Work task: From the entries that follow, gather each line holding the word "Style".

Data extract:
# # # # #

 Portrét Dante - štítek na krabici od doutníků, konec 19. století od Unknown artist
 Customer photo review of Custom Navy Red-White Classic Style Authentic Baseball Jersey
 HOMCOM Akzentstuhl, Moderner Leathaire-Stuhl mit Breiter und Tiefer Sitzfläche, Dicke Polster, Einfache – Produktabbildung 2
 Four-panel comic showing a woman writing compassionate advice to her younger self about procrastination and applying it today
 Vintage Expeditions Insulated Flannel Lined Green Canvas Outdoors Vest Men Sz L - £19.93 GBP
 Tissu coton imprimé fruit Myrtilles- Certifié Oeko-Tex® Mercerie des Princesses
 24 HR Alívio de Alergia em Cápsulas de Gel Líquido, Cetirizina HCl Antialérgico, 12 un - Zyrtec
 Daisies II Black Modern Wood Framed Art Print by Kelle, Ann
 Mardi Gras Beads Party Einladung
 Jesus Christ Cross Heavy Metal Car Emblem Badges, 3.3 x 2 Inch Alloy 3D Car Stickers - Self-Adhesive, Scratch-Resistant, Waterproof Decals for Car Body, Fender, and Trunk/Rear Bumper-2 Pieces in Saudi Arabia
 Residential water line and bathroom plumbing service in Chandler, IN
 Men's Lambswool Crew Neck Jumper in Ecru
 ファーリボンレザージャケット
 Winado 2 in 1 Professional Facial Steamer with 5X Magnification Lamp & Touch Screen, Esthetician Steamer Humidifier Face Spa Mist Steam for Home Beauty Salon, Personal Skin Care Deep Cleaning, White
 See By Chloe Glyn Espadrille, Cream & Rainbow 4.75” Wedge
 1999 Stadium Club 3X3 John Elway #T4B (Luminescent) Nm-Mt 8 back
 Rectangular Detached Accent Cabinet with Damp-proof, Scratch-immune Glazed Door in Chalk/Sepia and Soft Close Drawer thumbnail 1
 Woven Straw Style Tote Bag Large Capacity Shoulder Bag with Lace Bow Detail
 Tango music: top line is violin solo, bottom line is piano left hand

# # # # #

Answer box:
 Customer photo review of Custom Navy Red-White Classic Style Authentic Baseball Jersey
 Woven Straw Style Tote Bag Large Capacity Shoulder Bag with Lace Bow Detail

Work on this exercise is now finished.